Secret redaction

Every time a hook runs, Cloudhooks captures what your code logs—payloads, API responses,console.logoutput. That output often contains data that was never meant to be stored: authorization headers, access tokens, customer email addresses, internal API keys.

Secret redaction automatically masks sensitive values in your logs before they are written, so raw credentials never appear in your run history.

Note: Redaction applies only to log output. Payloads are stored as-is and are unaffected.

What is always masked

Certain field names are masked in every run, regardless of your configuration. These include common credential-related keys like:

  • Authorization
  • token
  • access_token
  • refresh_token
  • api_key
  • client_secret
  • password
  • cookie
  • x-api-key
  • jwt

If any of these appear as a key in a logged object—at any nesting depth—their value is replaced with [redacted].

Environment variable values

In production runs, the values of your environment variables are masked wherever they appear in log output. This means an API key or database URL stored as an environment variable will never appear in plain text in your run history, even if your hook accidentally logs it.

Test runs are different. In test mode, environment variable values are shown in plain text. This is intentional—when debugging a hook, you need to confirm which value is active or verify that a hook-level override is taking effect. Use test runs whenever you need that visibility.

Configuring custom redaction keys

Beyond the built-in defaults, you can tell Cloudhooks to mask additional fields by name. Navigate to Settings → Log redaction keys and add the field names you want masked.

There are two forms:

Simple name

Masks that field anywhere in a logged object, regardless of where it appears in the structure.

email

A log entry like:

{ customer: { email: "alice@example.com", id: 123 } }

becomes:

{ customer: { email: "[redacted]", id: 123 } }

Dot-notation path

Masks only the field at a specific location. Useful when a common field name like phone should only be redacted in a particular context.

customer.phone

This masks customer.phone but leaves a phone field at the top level, or under a different parent, untouched.

Note: Key matching is case-insensitive—Email, email, and EMAIL all match the same rule.

Limitations

  • Payloads are not redacted.
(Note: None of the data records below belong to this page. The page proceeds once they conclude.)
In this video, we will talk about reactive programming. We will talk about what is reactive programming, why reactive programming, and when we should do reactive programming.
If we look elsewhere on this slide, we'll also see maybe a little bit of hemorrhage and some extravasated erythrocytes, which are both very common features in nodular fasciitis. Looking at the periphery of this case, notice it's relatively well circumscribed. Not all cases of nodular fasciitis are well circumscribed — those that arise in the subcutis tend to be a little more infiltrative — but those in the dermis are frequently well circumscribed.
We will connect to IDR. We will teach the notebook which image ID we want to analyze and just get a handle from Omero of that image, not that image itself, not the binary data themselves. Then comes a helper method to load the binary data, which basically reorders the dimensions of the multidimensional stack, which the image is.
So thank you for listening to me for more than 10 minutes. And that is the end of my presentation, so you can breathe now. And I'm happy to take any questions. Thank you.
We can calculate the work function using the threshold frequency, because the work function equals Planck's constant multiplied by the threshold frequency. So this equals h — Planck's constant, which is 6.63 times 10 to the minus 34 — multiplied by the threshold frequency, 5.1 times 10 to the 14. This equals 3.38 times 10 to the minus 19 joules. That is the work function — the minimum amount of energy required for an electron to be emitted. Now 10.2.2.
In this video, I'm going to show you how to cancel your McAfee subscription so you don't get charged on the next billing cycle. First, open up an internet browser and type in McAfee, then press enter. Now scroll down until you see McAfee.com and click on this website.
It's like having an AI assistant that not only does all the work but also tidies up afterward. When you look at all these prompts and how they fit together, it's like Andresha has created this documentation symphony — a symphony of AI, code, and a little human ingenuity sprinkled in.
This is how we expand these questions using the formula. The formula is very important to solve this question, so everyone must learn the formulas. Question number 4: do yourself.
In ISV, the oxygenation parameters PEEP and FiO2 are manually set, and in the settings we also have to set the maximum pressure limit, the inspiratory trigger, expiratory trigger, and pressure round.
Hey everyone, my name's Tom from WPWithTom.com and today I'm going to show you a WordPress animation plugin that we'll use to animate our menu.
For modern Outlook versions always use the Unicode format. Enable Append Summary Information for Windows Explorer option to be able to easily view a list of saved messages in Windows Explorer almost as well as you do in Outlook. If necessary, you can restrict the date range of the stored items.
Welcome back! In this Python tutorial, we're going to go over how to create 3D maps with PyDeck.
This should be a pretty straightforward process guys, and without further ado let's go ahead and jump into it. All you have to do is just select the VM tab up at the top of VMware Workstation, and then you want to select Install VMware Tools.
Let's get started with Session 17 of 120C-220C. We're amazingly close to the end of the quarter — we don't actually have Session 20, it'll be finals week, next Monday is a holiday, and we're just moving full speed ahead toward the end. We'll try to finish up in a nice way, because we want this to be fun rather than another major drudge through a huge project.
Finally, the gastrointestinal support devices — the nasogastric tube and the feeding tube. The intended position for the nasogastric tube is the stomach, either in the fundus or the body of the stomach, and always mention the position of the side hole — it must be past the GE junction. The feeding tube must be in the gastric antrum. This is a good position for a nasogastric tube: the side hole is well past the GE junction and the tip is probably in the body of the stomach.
Redaction applies to log output, not to the event payload that triggered the hook.
  • Short values are not masked. Values fewer than 8 characters are not masked by value-based matching. This prevents common short strings from being incorrectly censored across all log output.
  • Value-based masking is best-effort. Key-based masking (field names you configure and the built-in list) is exact. Value-based masking (environment variable values, Shopify access tokens) scans log strings for the literal value—if your code transforms the value before logging, the transformed form may not be caught.